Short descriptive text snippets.
○ ○ ○ ○ ○ ○ ○

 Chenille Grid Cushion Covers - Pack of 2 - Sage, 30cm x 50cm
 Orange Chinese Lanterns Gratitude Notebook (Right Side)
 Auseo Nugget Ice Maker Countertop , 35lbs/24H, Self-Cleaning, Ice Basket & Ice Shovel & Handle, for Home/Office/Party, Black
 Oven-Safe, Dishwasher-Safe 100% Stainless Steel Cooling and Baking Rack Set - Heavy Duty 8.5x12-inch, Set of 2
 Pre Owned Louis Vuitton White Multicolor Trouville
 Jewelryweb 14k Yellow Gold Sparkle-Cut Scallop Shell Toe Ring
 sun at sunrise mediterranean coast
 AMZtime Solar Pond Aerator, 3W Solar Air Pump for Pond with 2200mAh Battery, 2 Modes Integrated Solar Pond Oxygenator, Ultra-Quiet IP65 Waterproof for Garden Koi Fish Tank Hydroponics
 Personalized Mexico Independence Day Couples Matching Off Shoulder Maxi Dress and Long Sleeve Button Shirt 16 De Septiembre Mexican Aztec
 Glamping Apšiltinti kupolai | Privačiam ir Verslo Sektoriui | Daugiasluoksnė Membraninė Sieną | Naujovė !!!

○ ○ ○ ○ ○ ○ ○

Task item.
Among the entries above, find the line with "Orange Chinese Lanterns" and the line with "AMZtime Solar Pond"; give again exactly these two lines and all lines between them.

Output below.
 Orange Chinese Lanterns Gratitude Notebook (Right Side)
 Auseo Nugget Ice Maker Countertop , 35lbs/24H, Self-Cleaning, Ice Basket & Ice Shovel & Handle, for Home/Office/Party, Black
 Oven-Safe, Dishwasher-Safe 100% Stainless Steel Cooling and Baking Rack Set - Heavy Duty 8.5x12-inch, Set of 2
 Pre Owned Louis Vuitton White Multicolor Trouville
 Jewelryweb 14k Yellow Gold Sparkle-Cut Scallop Shell Toe Ring
 sun at sunrise mediterranean coast
 AMZtime Solar Pond Aerator, 3W Solar Air Pump for Pond with 2200mAh Battery, 2 Modes Integrated Solar Pond Oxygenator, Ultra-Quiet IP65 Waterproof for Garden Koi Fish Tank Hydroponics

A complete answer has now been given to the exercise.